UPDATE -- I found a link I want to add: Campaign for a Commercial-Free Childhood.
From the American Journal of Public Health we learn that foods that should be in the minority in our diets make up the majority of what is showcased in TV commercials aimed at children.
Convenience/fast foods and sweets comprised 83% of advertised foods. Snacktime eating was depicted more often than breakfast, lunch, and dinner combined.
A 2000-calorie diet of foods in the general-audience advertisements would exceed recommended daily values (RDVs) of total fat, saturated fat, and sodium. A similar diet of foods in the child-audience advertisements would exceed the sodium RDV and provide 171 g (nearly 1 cup) of added sugar.

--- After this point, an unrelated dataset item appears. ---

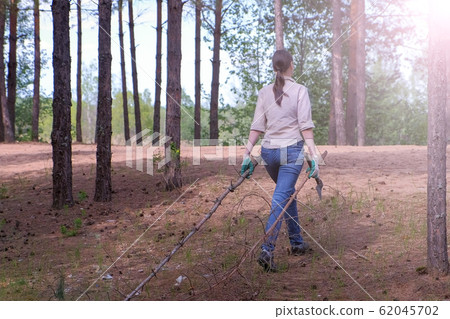 Woman carries felled trees to a forest scout's camp for firewood, back view. 62045702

You know how commercials for children's cereals always include that shot of the bowl of cereal accompanied by a couple pieces of toast, a glass of juice, and a glass of milk, while the cartoon mascot chirps, "Part of this nutritious breakfast!"? Do any of us really feed our kids that breakfast? The whole reason you serve cereal is to save yourself the trouble of preparing a breakfast. If I'm going to make the effort to make toast for everybody, I can give them some fruit along with it and forego the cereal. When they say "part of this nutritious breakfast," you know full well that the cereal isn't the part providing the real nutrition.

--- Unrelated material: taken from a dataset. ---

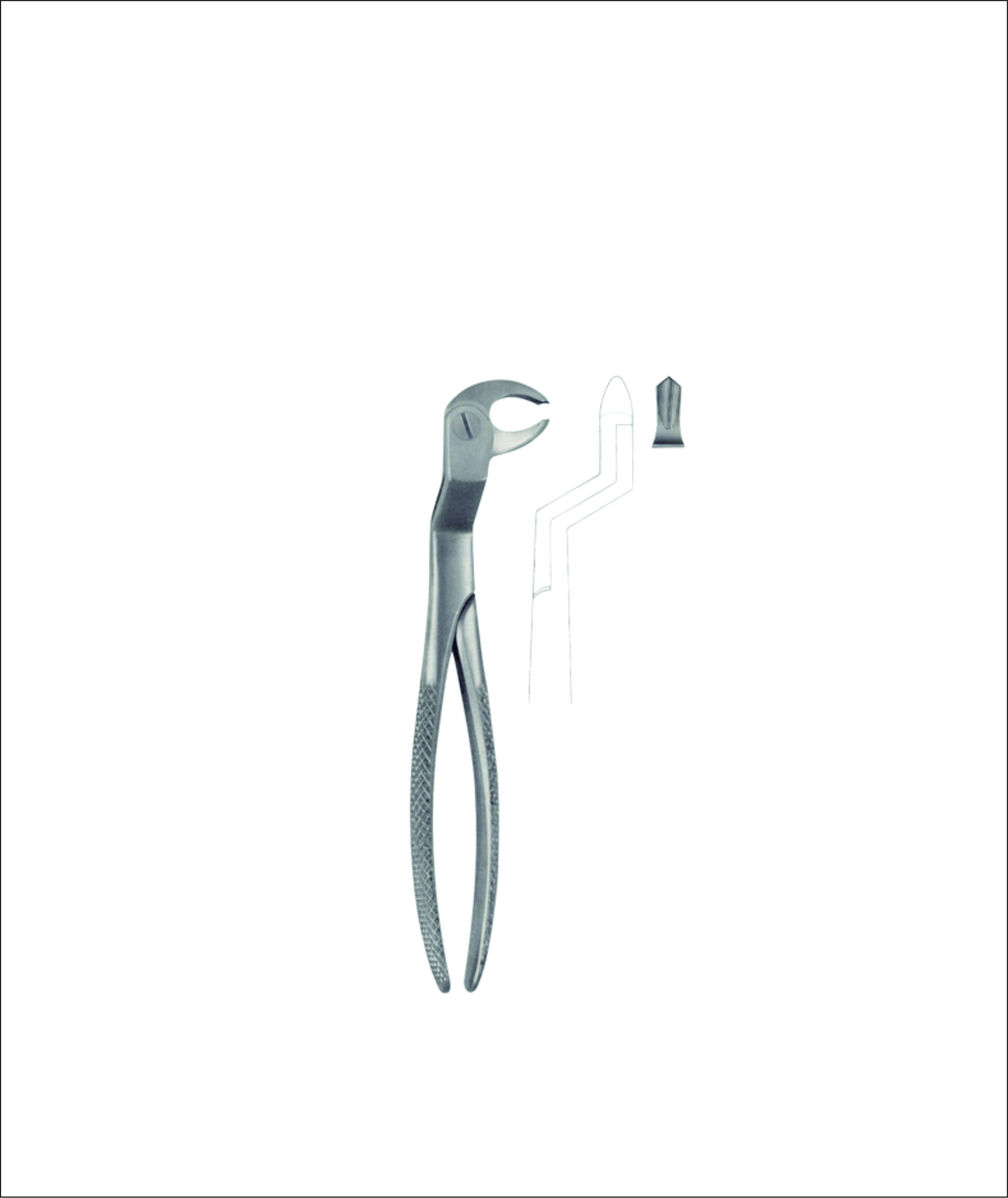 Lower Molar & Wisdom Tooth Extracting Forceps – English Pattern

If you happen to live in Seattle, however, you may soon see some advertisements for much better food choices:
This week bus riders in the Highline, Tukwila, Burien, and White Center areas will see original works of art by 120 area students that have been created as part of a bus advertising campaign promoting the consumption of fresh fruits and vegetables.
"We were teaching students what advertisements are and how to pay attention to their methods, and what they are trying to sell them. We start the lesson by teaching children about how flowers use bright colors, scents, and even mock female insects to attract pollinators. The students were asked to create advertisements for fruits and vegetables after the kids reported that they have not seen any ads like this. Proud of their own artistic achievements, some of the students suggested it would be cool if these ads could reach the public in their neighborhoods."
Here's a sample of some of the ads.
This illustrates why the profit motive can be so destructive. Advertising, instead of calling our attention to the things that are best for us, instead wants us to focus on whatever someone can make the most money from. My favorite example is breastfeeding. The big problem with breastfeeding is that nobody makes that much money from it. Some nursing moms buy breast pumps, but those are only a one-time purchase. How can that compare to formula that you have to buy continually for years? That's why ads for bottles and formula vastly outnumber the "public service" ads that encourage us to breastfeed. Our best interests are not the issue.